At the very least if you really want to use this compress API, extend it
to use a non-descript "UUID-defined" type and an opaque set of
parameters with this UUID passed in a header.

We don't need to use UUID-defined scheme for simple (A)SRC
implementation. As I noted, the specific runtime controls may use
existing ALSA control API.

"Simple (A)SRC" is an oxymoron. There are multiple ways to define the
performance, and how the drift estimator is handled. There's nothing
simple if you look under the hood. The SOF implementation has for
example those parameters:

uint32_t source_rate;           /**< Define fixed source rate or */
				/**< use 0 to indicate need to get */
				/**< the rate from stream */
uint32_t sink_rate;             /**< Define fixed sink rate or */
				/**< use 0 to indicate need to get */
				/**< the rate from stream */
uint32_t asynchronous_mode;     /**< synchronous 0, asynchronous 1 */
				/**< When 1 the ASRC tracks and */
				/**< compensates for drift. */
uint32_t operation_mode;        /**< push 0, pull 1, In push mode the */
				/**< ASRC consumes a defined number */
				/**< of frames at input, with varying */
				/**< number of frames at output. */
				/**< In pull mode the ASRC outputs */
				/**< a defined number of frames while */
				/**< number of input frames varies. */

They are clearly different from what is suggested above with a 'ratio-mod'.

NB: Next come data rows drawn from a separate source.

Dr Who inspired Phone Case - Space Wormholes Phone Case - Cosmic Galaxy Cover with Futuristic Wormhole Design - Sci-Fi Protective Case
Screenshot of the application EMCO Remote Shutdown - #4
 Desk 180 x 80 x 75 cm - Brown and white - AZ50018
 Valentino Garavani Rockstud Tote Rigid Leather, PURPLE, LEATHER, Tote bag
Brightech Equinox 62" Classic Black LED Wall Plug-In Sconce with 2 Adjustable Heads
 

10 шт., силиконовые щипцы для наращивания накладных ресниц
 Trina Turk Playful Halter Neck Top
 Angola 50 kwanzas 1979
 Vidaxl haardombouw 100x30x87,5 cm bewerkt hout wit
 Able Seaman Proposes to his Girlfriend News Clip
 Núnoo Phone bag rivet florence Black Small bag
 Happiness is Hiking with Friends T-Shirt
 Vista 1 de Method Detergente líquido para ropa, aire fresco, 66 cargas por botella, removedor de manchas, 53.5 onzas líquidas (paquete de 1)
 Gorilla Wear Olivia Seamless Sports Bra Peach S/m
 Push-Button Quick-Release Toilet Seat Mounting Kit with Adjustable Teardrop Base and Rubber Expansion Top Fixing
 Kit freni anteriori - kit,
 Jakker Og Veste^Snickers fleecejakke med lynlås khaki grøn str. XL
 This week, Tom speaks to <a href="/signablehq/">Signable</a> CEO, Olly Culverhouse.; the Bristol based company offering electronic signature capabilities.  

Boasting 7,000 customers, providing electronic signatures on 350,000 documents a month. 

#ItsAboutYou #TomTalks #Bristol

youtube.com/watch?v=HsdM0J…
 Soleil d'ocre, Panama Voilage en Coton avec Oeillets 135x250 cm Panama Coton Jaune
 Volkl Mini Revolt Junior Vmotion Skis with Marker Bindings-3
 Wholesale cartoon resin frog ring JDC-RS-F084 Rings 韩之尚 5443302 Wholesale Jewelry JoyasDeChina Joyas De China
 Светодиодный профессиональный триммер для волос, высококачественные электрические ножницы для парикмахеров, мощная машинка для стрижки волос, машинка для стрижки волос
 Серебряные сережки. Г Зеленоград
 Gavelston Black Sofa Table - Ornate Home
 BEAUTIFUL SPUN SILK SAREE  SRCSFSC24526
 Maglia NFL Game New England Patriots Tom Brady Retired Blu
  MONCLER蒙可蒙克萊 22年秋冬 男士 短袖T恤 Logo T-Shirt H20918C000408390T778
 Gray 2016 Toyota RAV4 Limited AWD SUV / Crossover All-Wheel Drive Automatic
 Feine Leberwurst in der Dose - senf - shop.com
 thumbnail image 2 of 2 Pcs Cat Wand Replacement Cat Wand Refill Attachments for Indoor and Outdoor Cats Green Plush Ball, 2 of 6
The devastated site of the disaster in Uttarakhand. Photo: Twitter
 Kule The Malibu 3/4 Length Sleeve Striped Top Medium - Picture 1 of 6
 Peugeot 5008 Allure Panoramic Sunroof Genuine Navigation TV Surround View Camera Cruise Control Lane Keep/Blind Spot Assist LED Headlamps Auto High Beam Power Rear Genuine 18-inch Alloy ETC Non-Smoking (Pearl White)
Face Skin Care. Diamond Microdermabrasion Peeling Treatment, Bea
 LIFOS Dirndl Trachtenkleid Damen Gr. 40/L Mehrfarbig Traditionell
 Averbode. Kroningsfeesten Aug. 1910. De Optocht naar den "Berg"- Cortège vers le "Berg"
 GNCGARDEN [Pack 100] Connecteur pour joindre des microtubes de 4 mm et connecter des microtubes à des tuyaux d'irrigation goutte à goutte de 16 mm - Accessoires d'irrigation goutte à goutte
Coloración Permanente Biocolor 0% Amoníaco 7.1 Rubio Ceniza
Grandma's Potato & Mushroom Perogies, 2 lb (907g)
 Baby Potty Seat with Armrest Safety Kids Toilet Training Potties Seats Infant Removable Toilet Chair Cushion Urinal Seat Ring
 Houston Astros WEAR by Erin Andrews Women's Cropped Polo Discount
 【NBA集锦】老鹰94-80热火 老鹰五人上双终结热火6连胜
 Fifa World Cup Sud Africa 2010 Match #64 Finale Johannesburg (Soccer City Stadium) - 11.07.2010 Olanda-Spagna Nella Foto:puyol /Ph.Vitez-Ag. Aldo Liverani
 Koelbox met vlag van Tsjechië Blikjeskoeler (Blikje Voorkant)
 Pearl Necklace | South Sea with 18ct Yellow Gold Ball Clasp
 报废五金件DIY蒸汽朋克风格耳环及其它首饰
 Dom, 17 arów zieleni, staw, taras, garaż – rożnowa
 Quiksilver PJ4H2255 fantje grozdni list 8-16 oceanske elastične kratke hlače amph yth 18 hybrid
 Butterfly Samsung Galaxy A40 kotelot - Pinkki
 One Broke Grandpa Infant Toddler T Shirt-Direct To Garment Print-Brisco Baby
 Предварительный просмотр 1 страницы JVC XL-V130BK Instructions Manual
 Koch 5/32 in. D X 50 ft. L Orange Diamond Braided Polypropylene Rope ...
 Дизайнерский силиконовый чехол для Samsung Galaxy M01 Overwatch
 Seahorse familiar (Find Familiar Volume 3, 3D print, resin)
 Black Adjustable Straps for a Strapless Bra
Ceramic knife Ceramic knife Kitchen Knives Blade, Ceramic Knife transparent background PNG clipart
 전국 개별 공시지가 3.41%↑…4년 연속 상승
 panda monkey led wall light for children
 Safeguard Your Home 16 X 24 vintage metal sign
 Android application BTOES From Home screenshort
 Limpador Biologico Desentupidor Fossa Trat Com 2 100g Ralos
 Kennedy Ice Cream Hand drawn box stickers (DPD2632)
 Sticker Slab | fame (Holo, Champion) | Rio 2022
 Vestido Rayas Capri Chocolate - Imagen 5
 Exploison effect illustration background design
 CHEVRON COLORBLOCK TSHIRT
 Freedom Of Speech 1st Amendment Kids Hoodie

I don't think so. The proposed (A)SRC for compress-accel is just one case for 
the above configs where the input is known and output is controlled by the 
requested rate. The I/O mechanism is abstracted enough in this case and the 
driver/hardware/firmware must follow it.

Same if you have a 'simple EQ'. there are dozens of ways to implement
the functionality with FIR, IIR or a combination of the two, and
multiple bands.

The point is that you have to think upfront about a generic way to pass
parameters. We didn't have to do it for encoders/decoders because we
only catered to well-documented standard solutions only. By choosing to
support PCM processing, a new can of worms is now open.

I repeat: please do not make the mistake of listing all processing with
an enum and a new structure for parameters every time someone needs a
specific transform in their pipeline. We made that mistake with SOF and
had to backtrack rather quickly. The only way to scale is an identifier
that is NOT included in the kernel code but is known to higher and
lower-levels only.

There are two ways - black box (UUID - as you suggested) - or well defined 
purpose (abstraction). For your example 'simple EQ', the parameters should be 
the band (frequency range) volume values. It's abstract and the real filters 
(resp. implementation) used behind may depend on the hardware/driver capabilities.

From my view, the really special cases may be handled as black box, but 
others like (A)SRC should follow some well-defined abstraction IMHO to not 
force user space to handle all special cases.

						Jaroslav

--
Jaroslav Kysela <perex@xxxxxxxx>
Linux Sound Maintainer; ALSA Project; Red Hat, Inc.